But he was embarrassed just the same. Evans is a native of northern California and his family had gathered in the stands to picnic on fried chicken and watch him fly. Afterward he listened with chagrin as his son Keith, then five, asked tearfully, "Daddy, why'd you let them beat you?" The question haunted Evans for weeks. "Let them?" he asked. "How do you tell a little boy you never let anybody beat you?"

The episode is of historic importance because it is probably the only time that Lee Evans has ever been called upon to defend his will to win. Eight years have elapsed since a teen-age Evans emerged as a world-beater and at least four since the first sportswriter called him "the grand old man of the quarter mile." Last year, as a professional, Evans became the leading money-winner of the International Track Association's first season. Sprinters, the ephemerids of track, generally stay on top a couple of years at most, which makes Evans seem a venerable, almost Biblical figure.

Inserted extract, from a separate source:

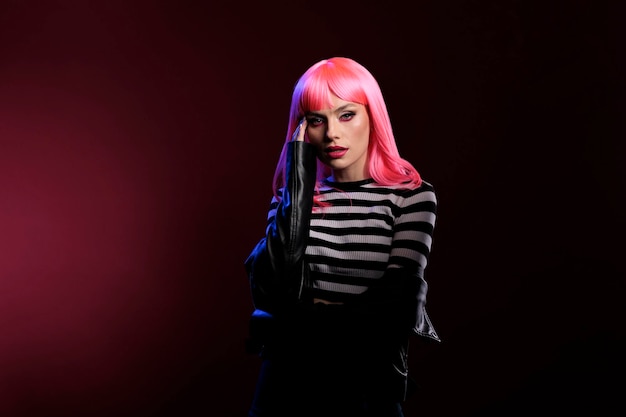 Jeune adulte élégant faisant des photos professionnelles en studio, portant une veste en cuir à la mode sur fond sombre. Posant dans des ombres noires, montrant la tendance de la mode punk cool devant la caméra.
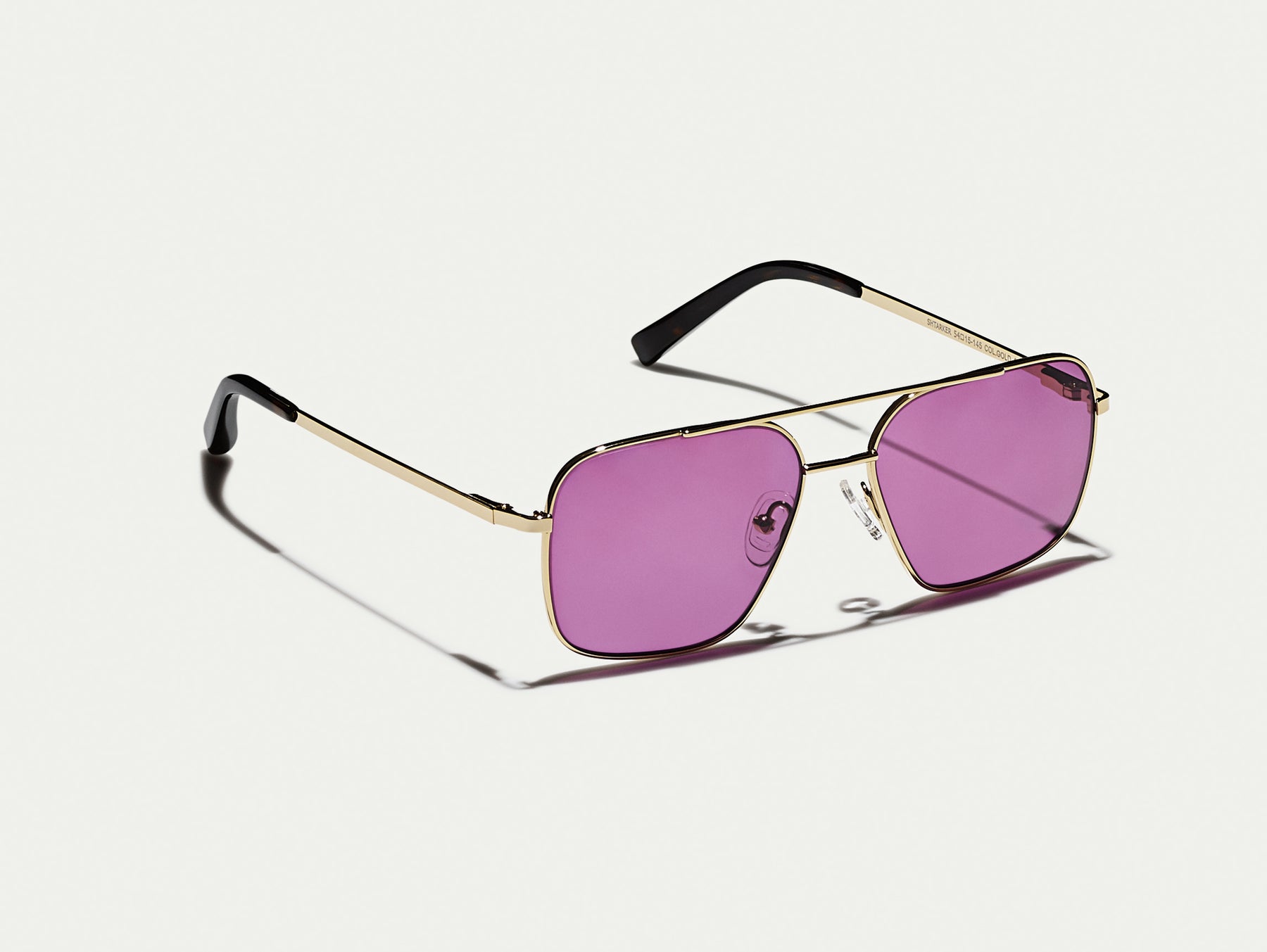 The SHTARKER in Gold with Purple Nurple Tinted Lenses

It is a shock, then, to realize that Evans will be a mere 27 on his birthday later this month. He is not only younger than one might imagine, but far gentler. Before a race Evans stalks, mutters and scowls with a frightful sullenness said to have driven a thoroughly psyched quarter-miler into early retirement a few years back. Out of earshot of the starter's pistol, by contrast, bonhomie radiates from Evans' broad, fleshy, heavy-chinned features and his words take on the softness of the cotton he picked as a boy in the San Joaquin Valley. The Jekyll-and-Hyde transformation impressed Mike O'Hara, the ITA's youthful president, when he was introduced to Evans following the 1972 Olympics. "Lee looks so fierce I was almost afraid to meet him," O'Hara recalls. "I couldn't believe how polite and shy he turned out to be."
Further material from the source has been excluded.